La question peut prendre de dangereuses proportions et certains vont beaucoup plus loin tel Mohamed Abdel-Badi Al-Tahawi, 25 ans, qui a assassiné son élève âgé de 16 ans, Ihab Achraf, pour couvrir ses pertes financières dans les paris. Il l’a kidnappé dans le but d’obtenir une rançon de sa famille puis a fini par le tuer et démembrer son corps pour brouiller les pistes. Le crime, survenu à Al-Santamouni dans le gouvernorat de Daqahliya, a choqué la société, et les enquêtes ont révélé que les paris étaient la principale motivation derrière ce meurtre atroce.
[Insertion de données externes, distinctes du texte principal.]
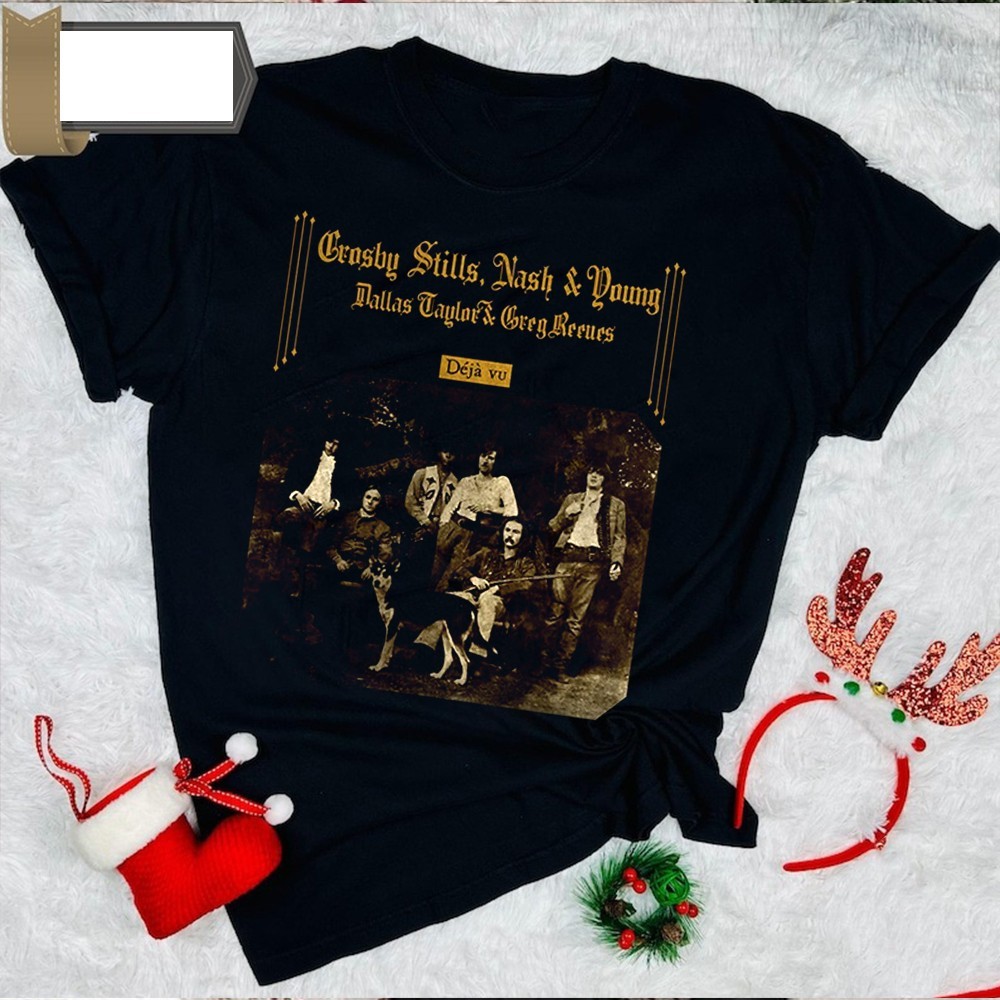 Popular Crosby Stills Nash And Young Unisex Unisex All Size 20D2054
Un autre incident similaire s’est produit dans le quartier de Khalifa au Caire, où un jeune homme a tué sa grand-mère, 80 ans, avec un couteau dans le but de voler son argent pour financer des paris en ligne. Alors que Hassan, 23 ans, originaire du gouvernorat de Minya, s’est pendu à son domicile après avoir contracté de grosses dettes en participant à un jeu de paris en ligne.
Appât du gain facile
Ils sont des milliers faisant partie d’une génération de jeunes pour qui les paris sportifs ne se font pas dans les stades ou les bars, mais sur des plateformes en ligne. Pour eux, parier est comme le seul moyen de sortir de la pauvreté et de se faire de l’argent facilement. Une tendance qui a explosé ces dernières années et qui attise les passions, mais surtout les addictions. On dirait une frénésie d’un casino clandestin transposé dans le monde virtuel où se jouent des émotions multiples : rêves fous, adrénaline addictive, fortunes éphémères et désillusions amères.
Les jeux d’argent : une addiction qui ne dit pas son nom.
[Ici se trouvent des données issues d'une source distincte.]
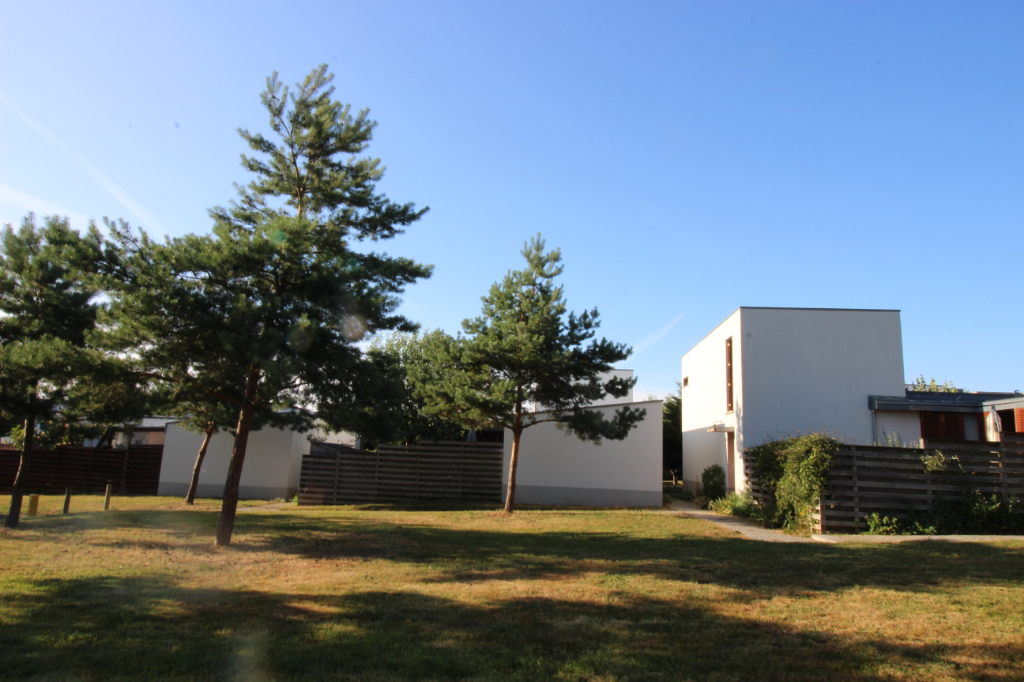 Maison T4 à Saint jacques de la lande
Il suffit de taper le mot « pari » sur Google et vous vous retrouverez face à des centaines de sites et d’options pour entrer dans cet univers noir, qui vous présente le football comme un grand casino fréquenté par des millions de personnes. Le nombre de sites de paris sportifs en ligne augmente et repose sur les prédictions des résultats des matchs de football. Ces sites, dont le slogan est « Pariez n’importe où et à tout moment », sont accessibles à tous, quel que soit l’âge ou le sexe, et ils ne nécessitent pas de compte bancaire, car ils soutiennent les portefeuilles électroniques comme intermédiaire. Ils ne nécessitent pas non plus de compétences particulières ou de suivi précis, car ils fournissent des informations sur les équipes et les matchs, ainsi que des statistiques et des prédictions actualisées. Tout cela vise à inciter les gens, surtout les mineurs et les jeunes, à s’inscrire avec une certaine somme d’argent, avec la promesse de grandes récompenses en cas de pari correct.
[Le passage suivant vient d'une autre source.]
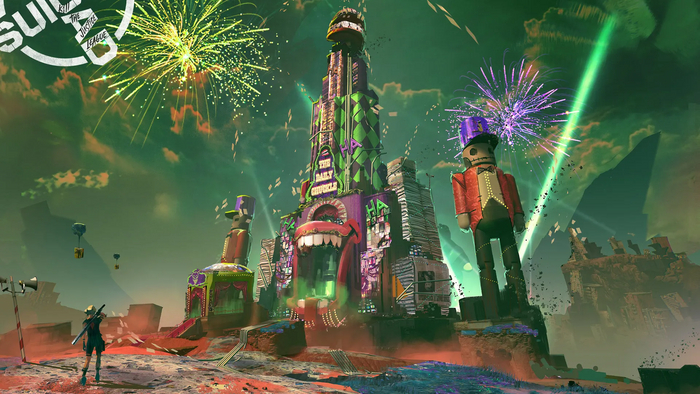 Столько пишем об игре, что видимо придется все же в нее сыграть.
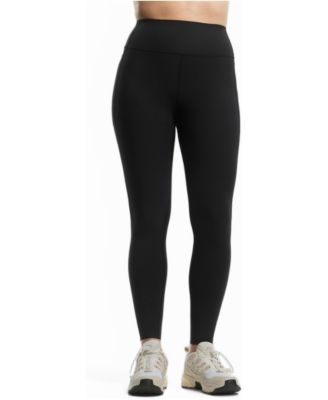 Plus Size Cadent High Rise Pocket Legging Pant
Dr Mohamed Yasser, sociologue, rappelle que l’idée des paris n’a rien de nouveau, elle existe depuis longtemps, notamment pour les courses des chevaux. Mais pour le football, le pari a précisément commencé le 2 avril 1915 lors d’un match célèbre entre Liverpool et United. A l’époque, les paris se faisaient généralement dans des bureaux privés et sur des espaces restreints. Puis, peu à peu, ils sont devenus accessibles à des millions de personnes dans le monde entier via des services de paris en ligne, qui ont fait leur apparition lors de la Coupe du monde 1998.
Cependant, aujourd’hui, malgré les réticences sociales et religieuses, le phénomène ne cesse de se développer de manière spectaculaire dans les cafés et sur Internet non seulement en Egypte, mais aussi dans le monde entier. Et ce, à cause du développement du Web et de l’évolution technologique qui ont facilité et stimulé le pari en ligne, brassant d’importants gains pour les jeunes qui profitent de cette plateforme offrant une disponibilité 24h/24. « Les gens ont des difficultés par rapport à leurs dépenses. L’angoisse et le stress, favorisés par la situation économique difficile du pays, les poussent à jouer encore plus en pensant que ce sera la solution : c’est l’entrée dans une spirale dévastatrice », décrit Dr Yasser, mettant en garde contre la multiplication des jeunes parieurs.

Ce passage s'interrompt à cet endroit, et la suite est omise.